Le second mythe a été imaginé par le gouvernement pour justifier l’injustifiable. Il a consisté à rendre l’impôt sur la fortune – ISF – responsable de l’exil des plus grandes fortunes françaises à l’étranger. Cette allégation ne s’appuie sur aucune évaluation ! Il nous faut donc combattre cette autre chimère. S’il n’est pas nouveau, le constat que nous faisons n’en est pas moins essentiel. Parce que notre système fiscal est devenu trop complexe, le débat sur la fiscalité s’apparente souvent à une discussion d’experts, ce qui n’est pas acceptable. Il n’est pas normal, en effet, que nos concitoyens ne comprennent pas comment sont calculés leurs impôts. Cette incompréhension et cette méconnaissance contribuent à éroder le consentement à l’impôt, à entretenir la suspicion et le profond sentiment d’injustice sociale.
La présente proposition de loi n’est pas idéologique. Elle ne vise qu’à renforcer la justice fiscale et à donner, dans le contexte de grande mobilisation sociale nationale que nous vivons depuis plusieurs mois, un écho à des sujets qui intéressent et préoccupent vivement nos concitoyens. Il est impératif que nous envoyions rapidement des signes forts montrant que nous répondons à la légitime aspiration de nos concitoyens à plus de justice sociale. Notre pays doit retrouver la sérénité. Il est donc urgent de conduire une réforme fiscale d’ampleur mettant à plat tous les pans de nos impositions.
L’enjeu en est clair : que chacun contribue à la chose publique selon ses moyens. Cette exigence démocratique, conforme à la Déclaration des droits de l’homme et du citoyen, doit être remise au centre de notre système fiscal.
Néanmoins, comme vous le constatez, les propositions que nous faisons aujourd’hui se limitent à deux éléments ciblés du système fiscal. Non que nous jugions qu’aucun autre de ses éléments ne mérite d’être modifié, mais parce qu’il faut procéder par étape et que les deux composantes que nous avons choisies sont les préalables indispensables à une réforme de plus grande ampleur. Notre proposition de loi n’est donc qu’un premier pas en vue de parvenir à plus de justice fiscale.

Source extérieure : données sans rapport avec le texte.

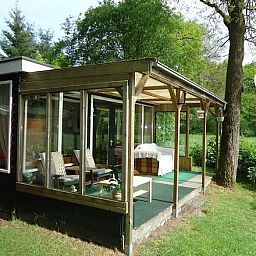 Sonniger Wintergarten des Ferienhauses Mapadodo in Nutter, Twente mit bequemen Sthlen.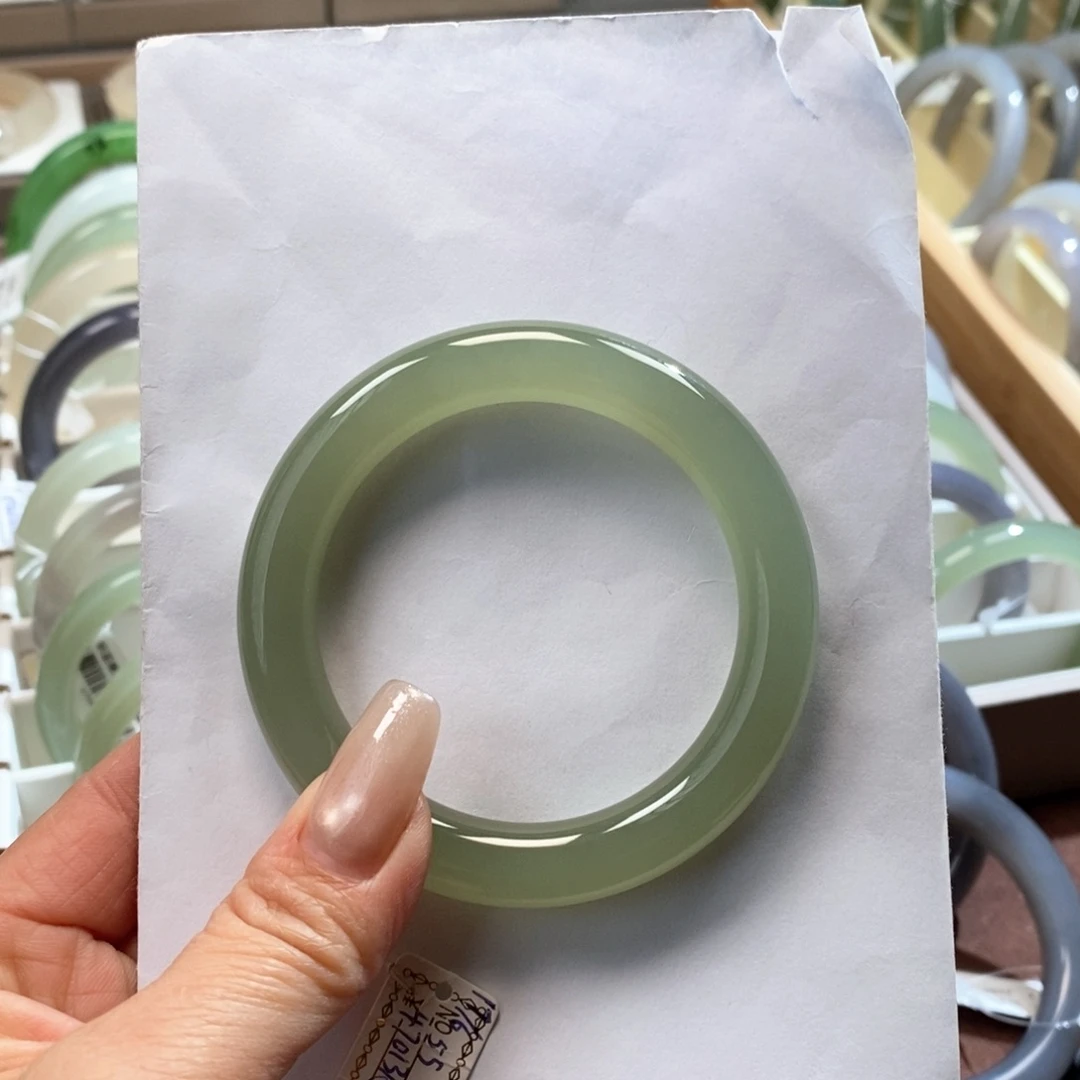 和田玉手镯未镶嵌冰晴水54.55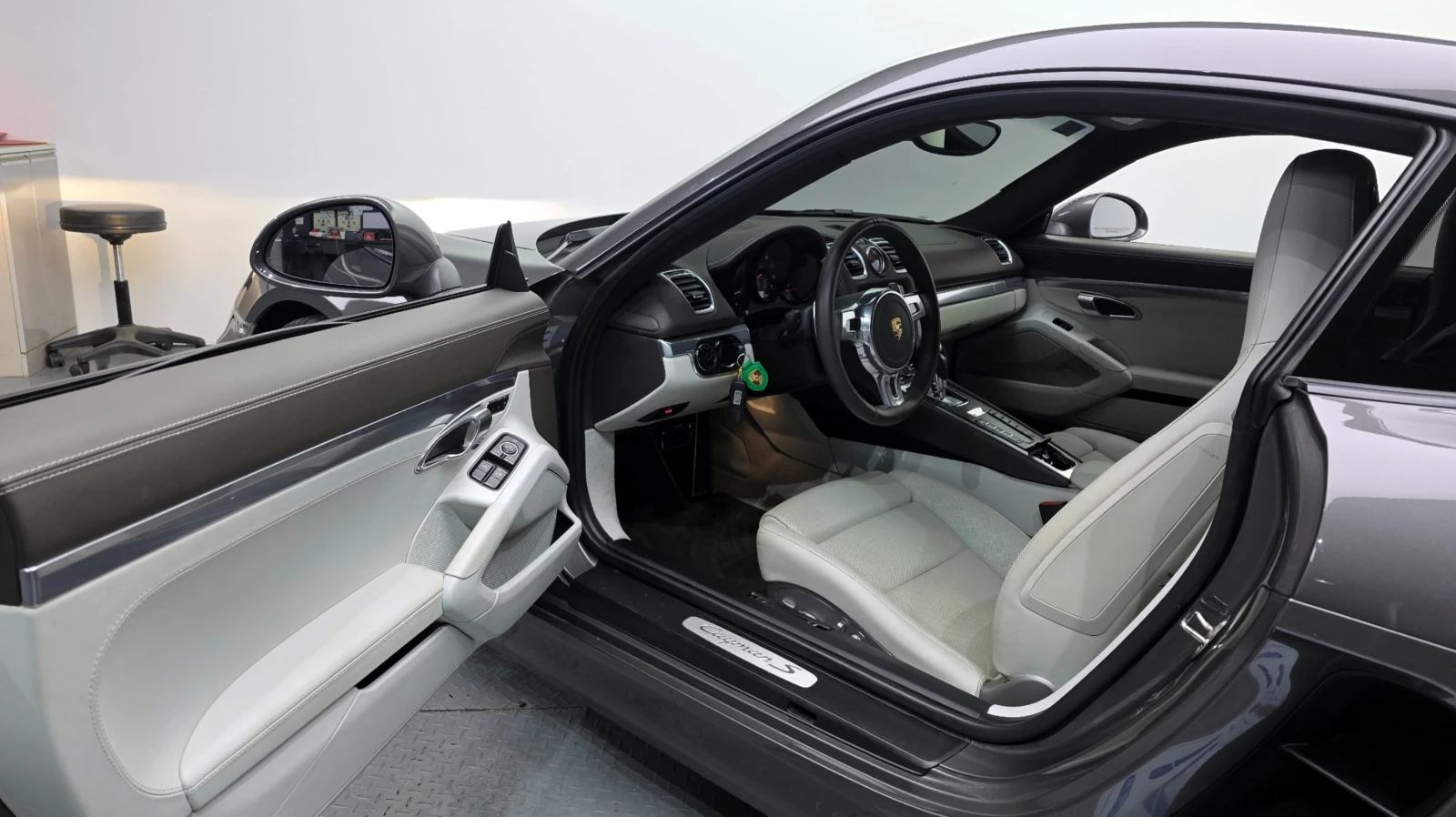 Porsche Cayman АВТОКРЕДИТ* ПОДГРЕВ* ОБДУХВАНЕ* BOSE* ГЕНЕРАЦИЯ* , снимка 8 - Автомобили и джипове - 54682653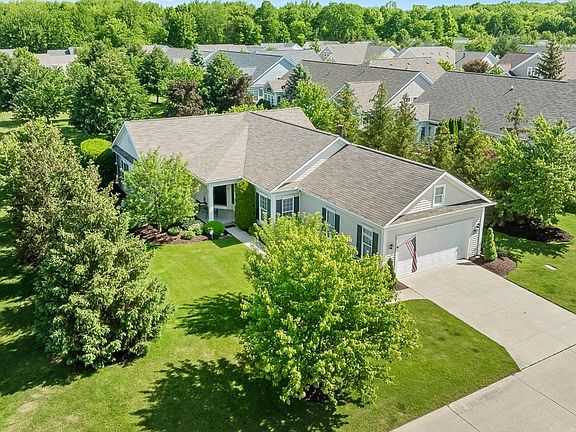 3rd image of 5265 Bridgewater Ln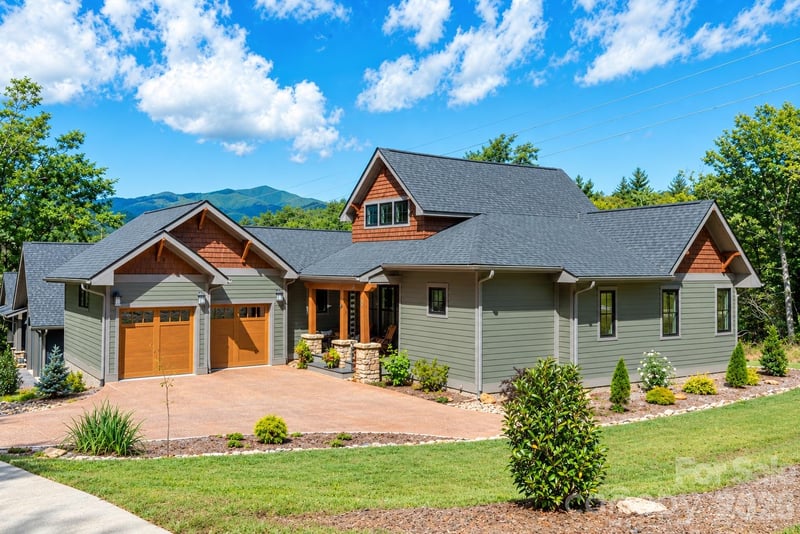 18 Old Lafayette Lane, Black Mountain, NC - 3 beds, 2 baths, 1,714 sqft - $920,000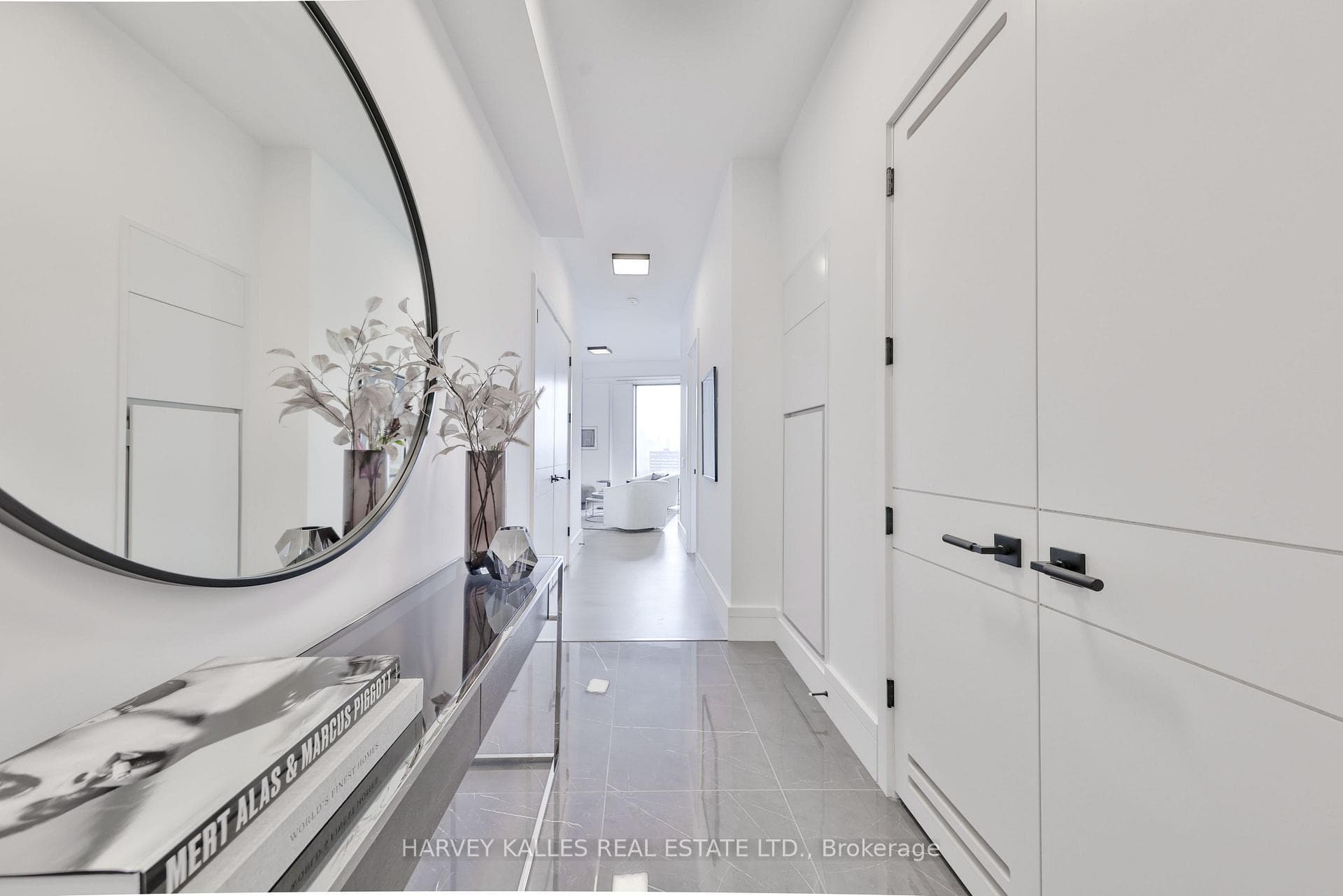 215 Lonsdale Road Unit 1607, Forest Hill / Deer Park, ON M4V 1W7 - Photo 1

Le coup de projecteur que nous mettons sur l’ISF et sur l’impôt sur le revenu ne nous dispense pas, en effet, d’examiner d’autres impôts foncièrement injustes qui prospèrent dans l’ombre du débat démocratique, comme la TVA et la CSG qui pénalisent beaucoup plus fortement les foyers modestes. Je pense également au prélèvement forfaitaire unique qui, sous couvert de simplification, fut en fait un cadeau fiscal fait aux titulaires de revenus du capital, très souvent des contribuables aisés qui, de ce fait, ne paient que 12,8 % d’impôt sur leurs revenus financiers, ce qui gomme la progressivité de l’impôt. L’évolution des inégalités de revenus et de patrimoine dans notre pays justifie, à elle seule, les deux articles de notre proposition de loi.